Petrobras share price drops 5.5 per cent on news of net loss of £7bn in fourth quarter of 2015
Brazil's state-controlled, scandal-ridden oil company Petrobras posted its biggest-ever quarterly loss on Monday.
The company, at the centre of a corruption scandal involving Brazilian lawmakers, booked a large writedown for oilfields and other major assets.
The figures
Petrobras posted a consolidated net loss of 36.9bn reais (£7.1bn) in the fourth quarter of 2015. This result pushed the company's full-year result into a loss, despite being positive through September.
This loss shocked analysts as, in a Reuters survey of analysts, 9.7bn reais (£1.9bn) was the largest estimated drop. This was a 48 per cent larger drop than the 26.6 billion real loss a year earlier.
The huge declines in crude oil prices over the past year drove Petrobras' loss in earnings. Of the 46.4bn (£8.8bn) reais written off in the quarter, 83 percent was for oil fields.
Sales minus sales taxes, totaled 85.1bn reais (£16.3bn) in the quarter and adjusted earnings before interest, taxes, depreciation and amortization, or EBITDA, were 17.1bn reais (£3.3bn).
The company, though, did manage to increase its cash position at the end of the period to 97.8bn reais (£18.7bn) from 44.2 billion reais (£8.6bn) by cutting investments.
Petrobras' shares fell 5.5 per cent in after-hours electronic trading in New York after the results were released, but they began to edge up by 1.35 per cent by 8am (GMT).
[charts-share-price id="158"]
Why it's interesting
Petrobras has been embroiled in a corruption scandal that has overshadowed the leadership of Brazilian president Dilma Rousseff and led to calls for her impeachment.

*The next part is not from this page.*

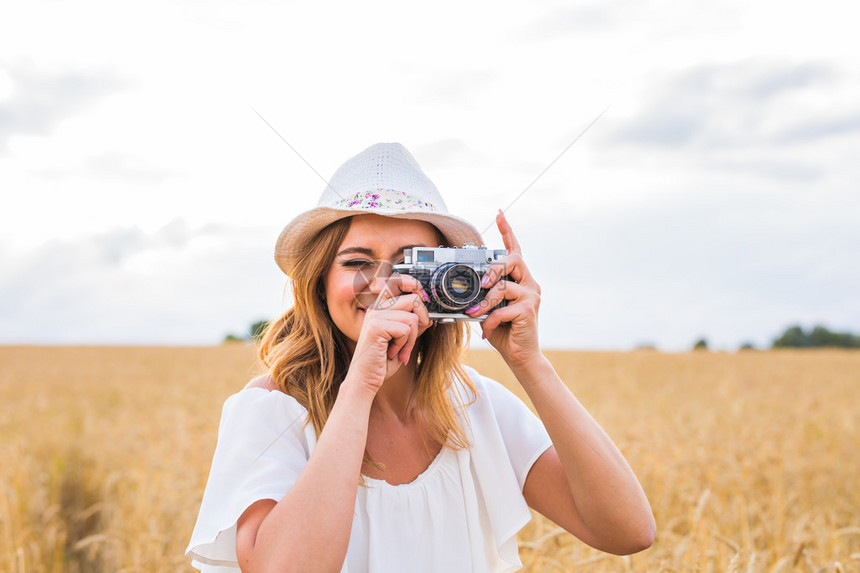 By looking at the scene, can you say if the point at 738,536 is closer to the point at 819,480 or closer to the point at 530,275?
the point at 819,480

She has previously refused to rule out bailing out the state-run oil firm, so news that the company's profits have destabilised could lead her to consider this further if profits take another nose-dive in the first quarter of 2016.
What Petrobras said
"Even if we hit a road-bump we have sufficient cash through 2017," chief executive, Almir Bendine, said. "This doesn't mean if we have good opportunities to raise cash or lengthen maturities we won't do it."
Bendine added that the company plans to sell about £9.7bn of assets this year if it runs into trouble. It will also not pay dividends to either its government or non-government investors and it plans to make no bonus payments to employees.
In short
While the Petrobras profit loss has been unprecedented in scale, it was still expected. Rousseff will need to decide where the government stands on a potential Petrobras bailout if profits continue to dip.